# Lifetime Is Back On The Air



## DaveLin1997 (Feb 1, 2006)

According To The Retailer Website That Lifetime And Lifetime Movie Channel Will Be Back On 11:00 Pm Mst And We And Encore Movie Channel Will Be Still A Free Preview On There Regular Channel.


----------



## DaveLin1997 (Feb 1, 2006)

Lifetime Is Part Of American Top 60 Or Dish Latino Dos And Lifetime Movie Channel Is Part Of American Top 180 Or Higher. The Free Preview On Encore Love And We Is Thru February 28, 2006


----------



## retiredTech (Oct 27, 2003)

Lifetime's sorry 
well isn't that nice, they kissed and made up 

Note (encore Love isn't free for AT60 but WE is)


----------



## bobukcat (Dec 20, 2005)

Yep, they're back alright, I sure hope that E* won that battle!


----------



## chaddux (Oct 10, 2004)

DaveLin1997 said:


> We And Encore Movie Channel Will Be Still A Free Preview On There Regular Channel.


Actually, they are in free preview on 125 and 126.


----------



## TNGTony (Mar 23, 2002)

NOTE: Lifetime Movie Network is now on AT180. It used to be on AT120. Oxygen took the place of LMN on AT120.

See ya
Tony


----------



## rnbmusicfan (Jul 19, 2005)

bobukcat said:


> Yep, they're back alright, I sure hope that E* won that battle!


I knew there would be rapprochement. It's possible Lifetime and E* both compromised. Echostar accepts the price hikes for Lifetime and LMN, but LMN shifts to a higher tiered package.
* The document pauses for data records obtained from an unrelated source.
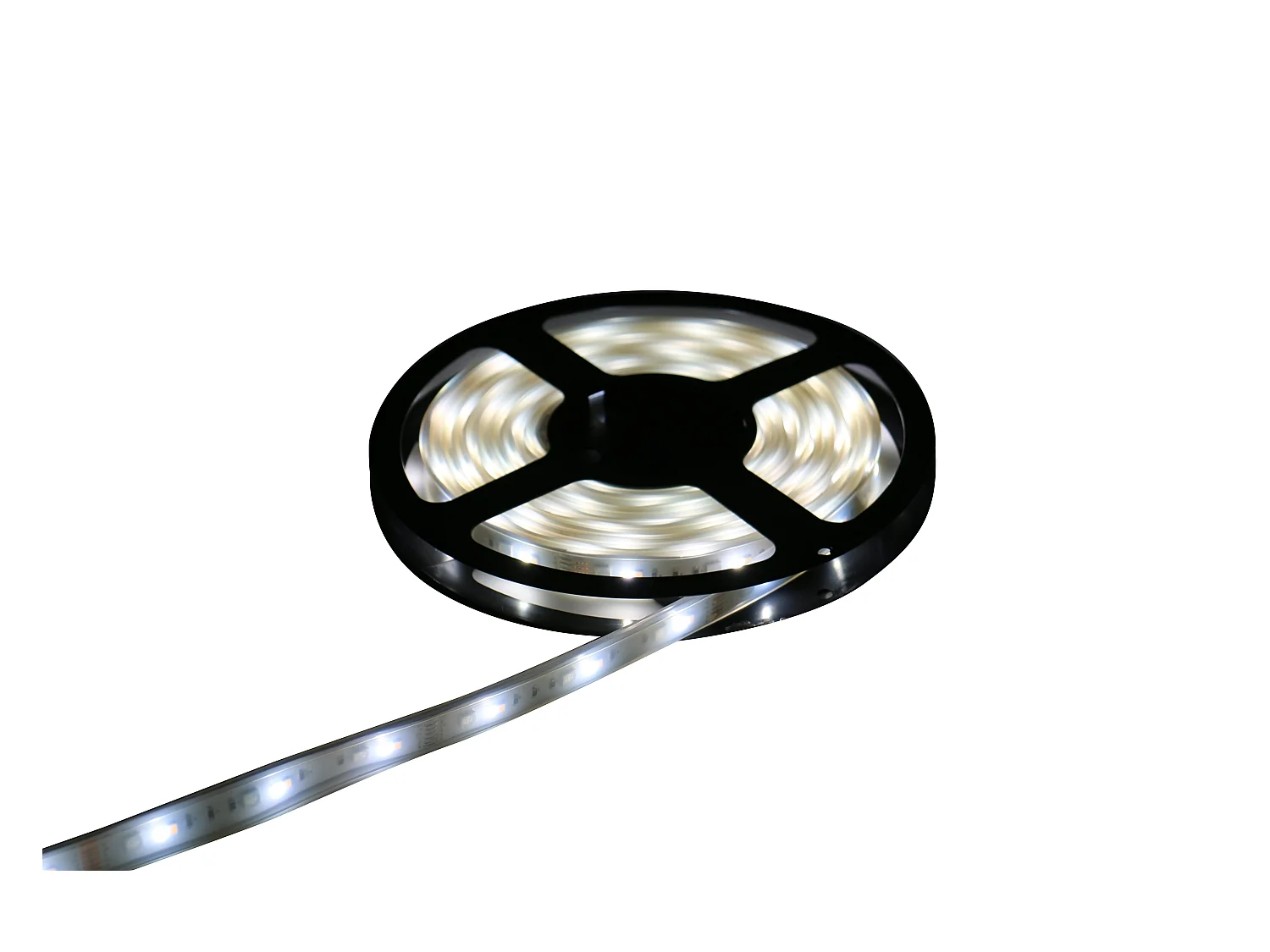 Ruban LED connecté 3m (Rub-E) 3000/6500K 11,5W 720lm Wi-Fi - Voltman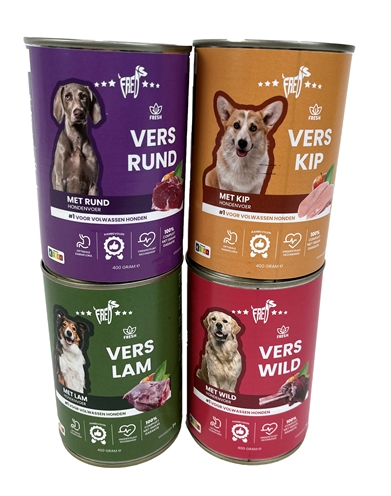 Freds Blik Vers Rund 12X400 Gr - Image 3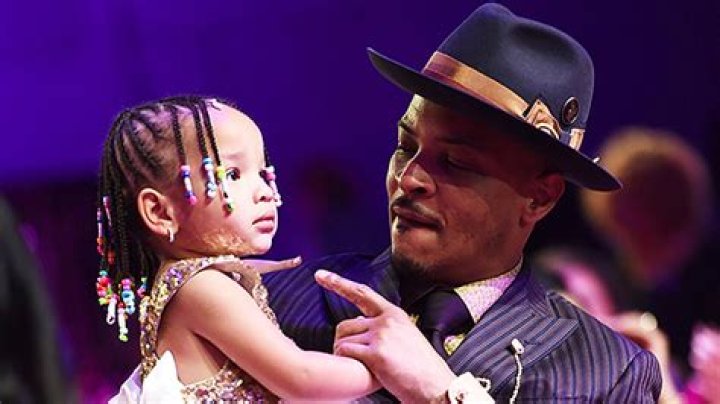 Heiress Harris, 3, Shows Off Her Dance Moves For The Camera In Adorable New Video — Watch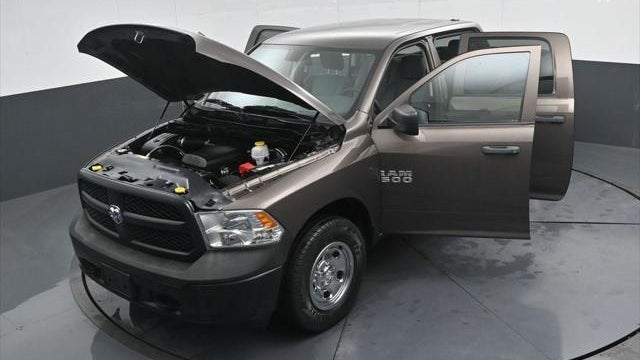 2018 Ram 1500 Tradesman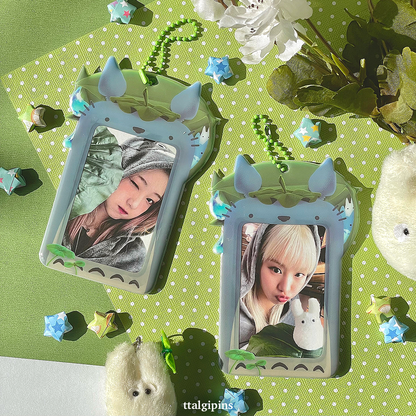 Totoro’s となりのトトロ 'my neighbor idol' Photocard Holder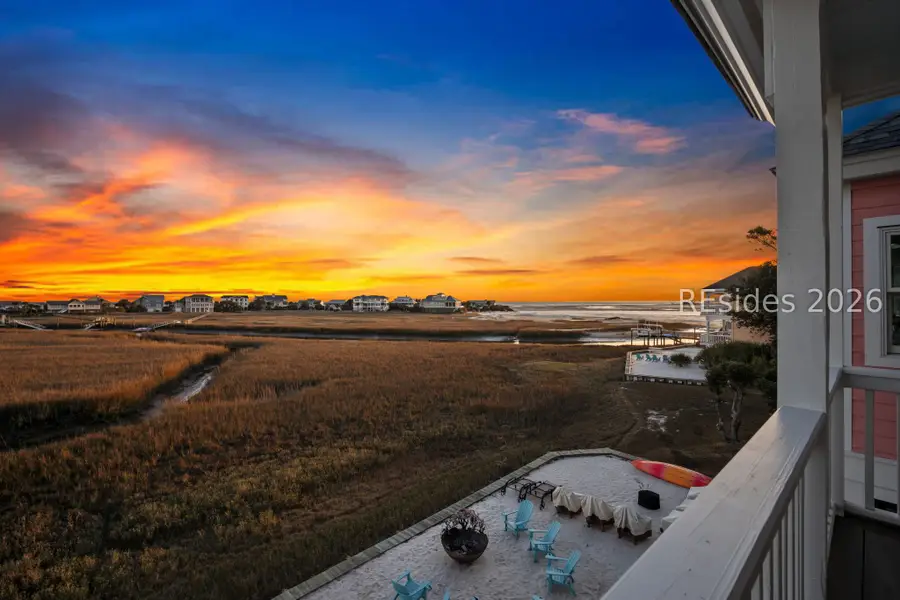 34 Sea Mist Road, Fripp Island, SC 29920 - #3
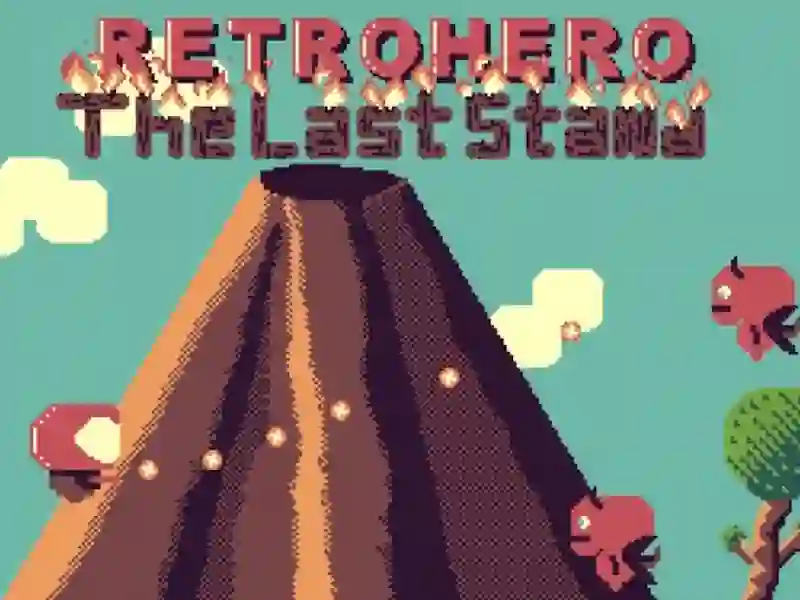 Retrohero the last stand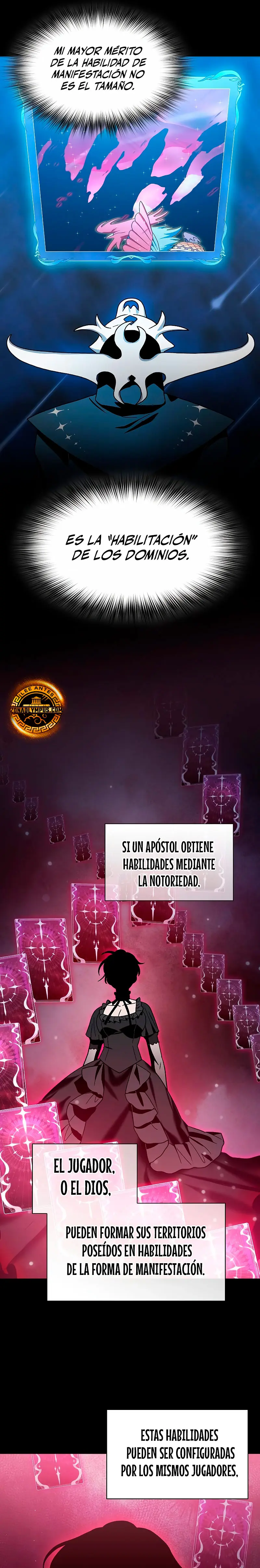 Civilización Nebula Capítulo 109 - Página 16 en español
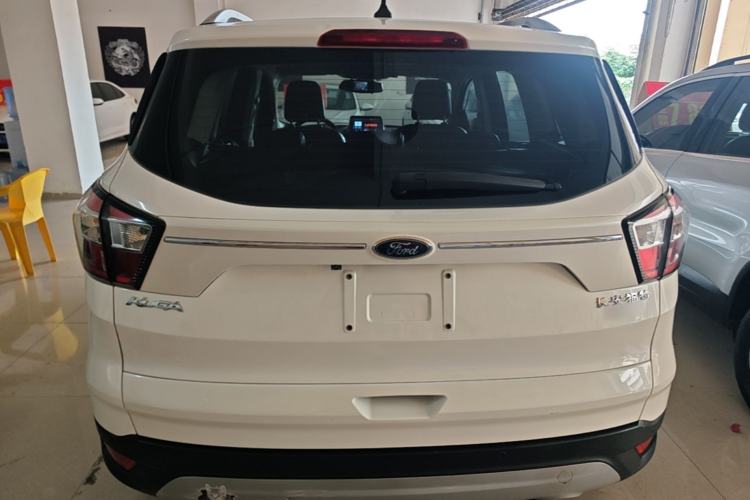 Used Ford Kuga 2018 EcoBoost 180 Two-Wheel-Drive Platinum Edition Rear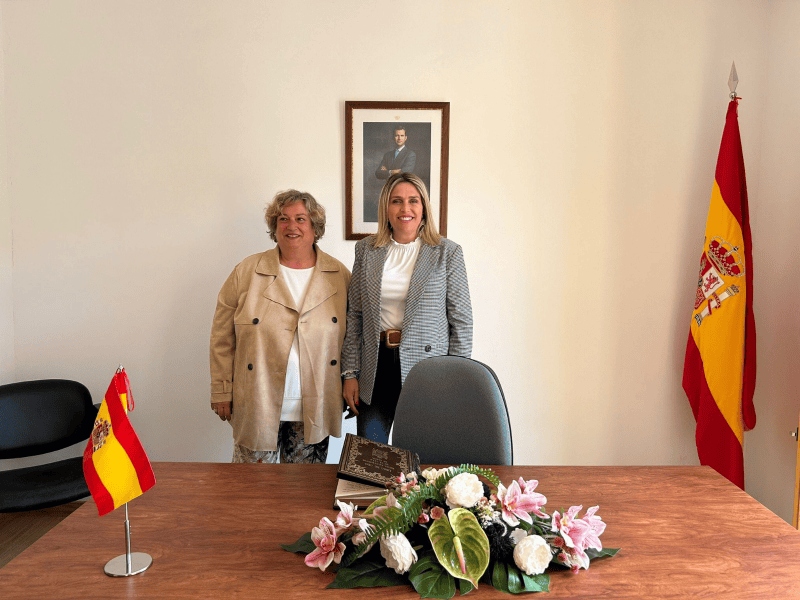 Gaibiel celebra la inversión en carreteras que la Diputación financia para «reivindicar la vida en el pueblo»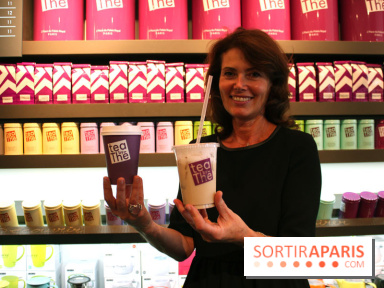 tea by Thé à Paris, le salon de thé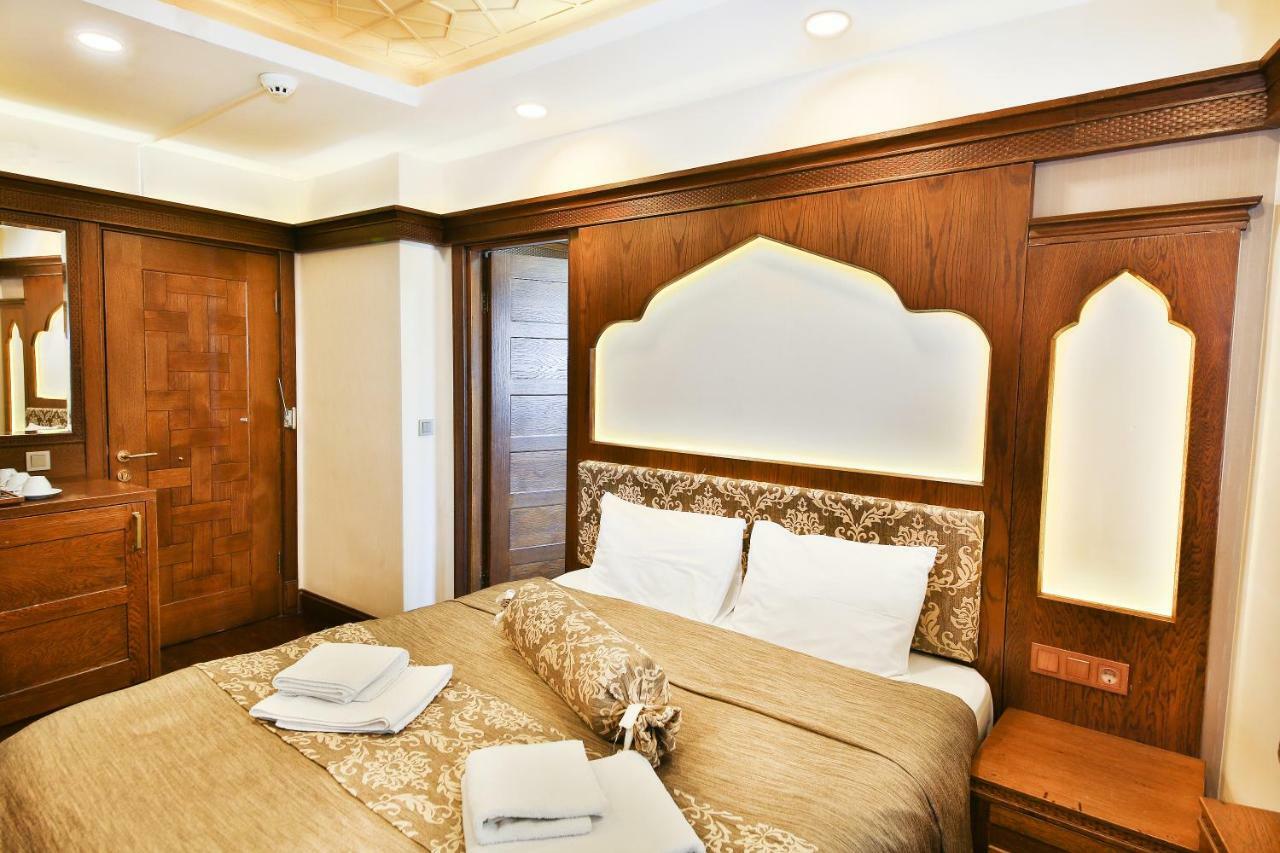 Kumluk Konak Hotel Istanbul Exterior foto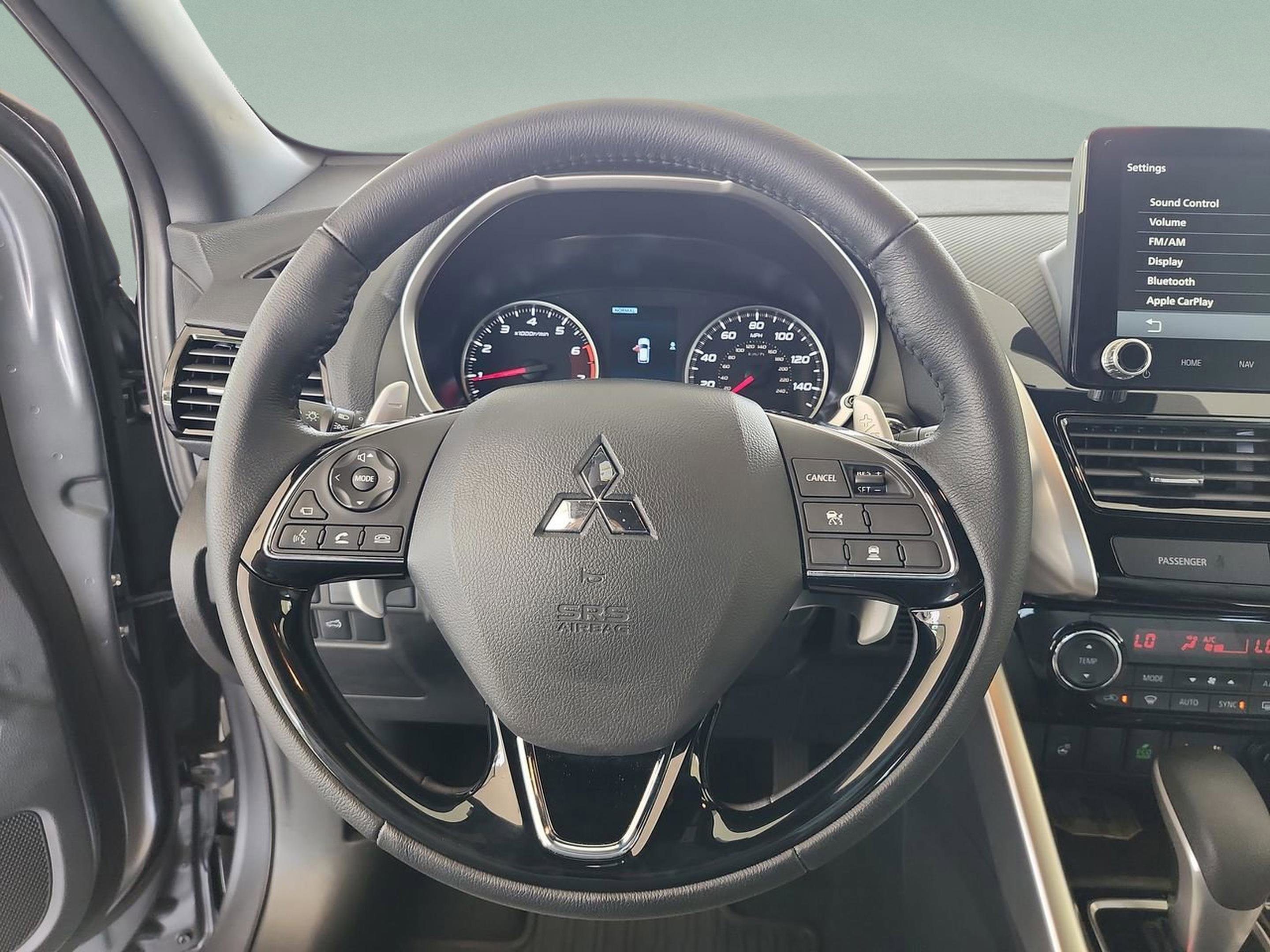 Used 2024 Mitsubishi Eclipse Cross SE image 10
I really hope E* doesn't capitulate to Comcast, unless Comcast offers all hockey, not just OLN hockey. That includes CCSN-Philadelphia Flyers hockey (and of course the full CSN-Philadelphia) to those in the Philadelphia region.

Lifetime lost some subscription revenue coming from Echostar, for that period of time. Echostar's loss isn't as easy to measure. There are the AT60 subs who lost a channel for a month or so, with no replacement. DirecTV doesn't have a comparable discount like package, and most cable systems don't offer such a value package. Whether Echostar lost a significant amount of those subscriptions to another provider, based on the Lifetime dispute is not known.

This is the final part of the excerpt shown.